# Walnut tree



## milo0566 (May 10, 2013)

I've got an old walnut that is dying last year it had some leaves on it but this year it has none and dome of the top branches are breaking off in the wind. My question is with it in this condition can it still be cut down and milled?

Sent from my iPhone using Wood Forum


----------



## Tilaran (Dec 22, 2012)

milo0566 said:


> I've got an old walnut that is dying last year it had some leaves on it but this year it has none and dome of the top branches are breaking off in the wind. My question is with it in this condition can it still be cut down and milled?
> 
> Sent from my iPhone using Wood Forum


Absolutely ! Pretty much everything in my house came from threes in that condition. Most of mine had a hole running through the center of the heart, full length.
Here in the jungle that's the condition they need to be in to get a removal permit.


----------



## milo0566 (May 10, 2013)

Excellent thanks for the advice! I've got a giant Hickory in the same condition looks like I'm gonna have a lot of wood to work with.
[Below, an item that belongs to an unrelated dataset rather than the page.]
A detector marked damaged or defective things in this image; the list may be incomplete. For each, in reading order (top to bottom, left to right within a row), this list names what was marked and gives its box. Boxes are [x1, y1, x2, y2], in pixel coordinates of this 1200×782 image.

Sent from my iPhone using Wood Forum


----------



## MrElliott1982 (May 8, 2013)

I am in Tulsa, if you have any extra lumber I would be happy to take it off your hands


----------



## milo0566 (May 10, 2013)

*Wood*

Sure after I get it cut down I can send ya a message and share some with ya. I've got 20+ trees that need to come down, most of em are oak and hickory.


----------



## MrElliott1982 (May 8, 2013)

Sounds good, where exactly are you? I might even be able to come and help if you need it. That's if I can convince my wife its not weird to go meet up with some dude I met on the internet LOL


----------



## milo0566 (May 10, 2013)

I'm between Claremore and Pryor. I hope to have them down in a week or two. I'm waiting on the ground to dry up a bit. I've planted slot if grass seed and I'm hoping to minimize the impact to the ground around the trees when I take em down. Give me an email address and I can contact ya when I get to that point.
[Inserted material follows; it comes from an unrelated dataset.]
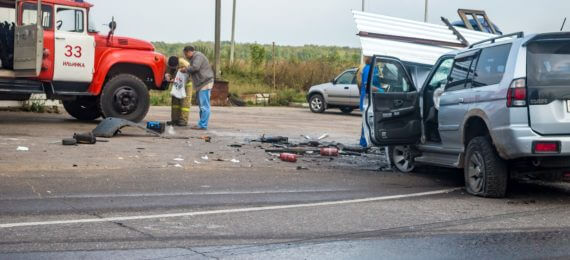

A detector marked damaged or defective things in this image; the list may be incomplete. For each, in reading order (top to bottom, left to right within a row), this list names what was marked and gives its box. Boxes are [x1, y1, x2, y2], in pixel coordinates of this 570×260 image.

damaged suv [362, 32, 568, 197]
Sent from my iPhone using Wood Forum


----------



## MrElliott1982 (May 8, 2013)

mr Elliott 1982 @ gmail com


----------



## milo0566 (May 10, 2013)

Got it.

Sent from my iPhone using Wood Forum


----------



## johnep (Apr 12, 2007)

AS a rule, do not publish email addresses on the open forum. Use a PM.
Spambots always on the look out for potential addresses.
johnep


----------



## MrElliott1982 (May 8, 2013)

johnep34 said:


> AS a rule, do not publish email addresses on the open forum. Use a PM.
> Spambots always on the look out for potential addresses.
> johnep


Thanks, I edited it so a bot hopefully wont find it. He dosent have PM yet or I would have sent it that way


----------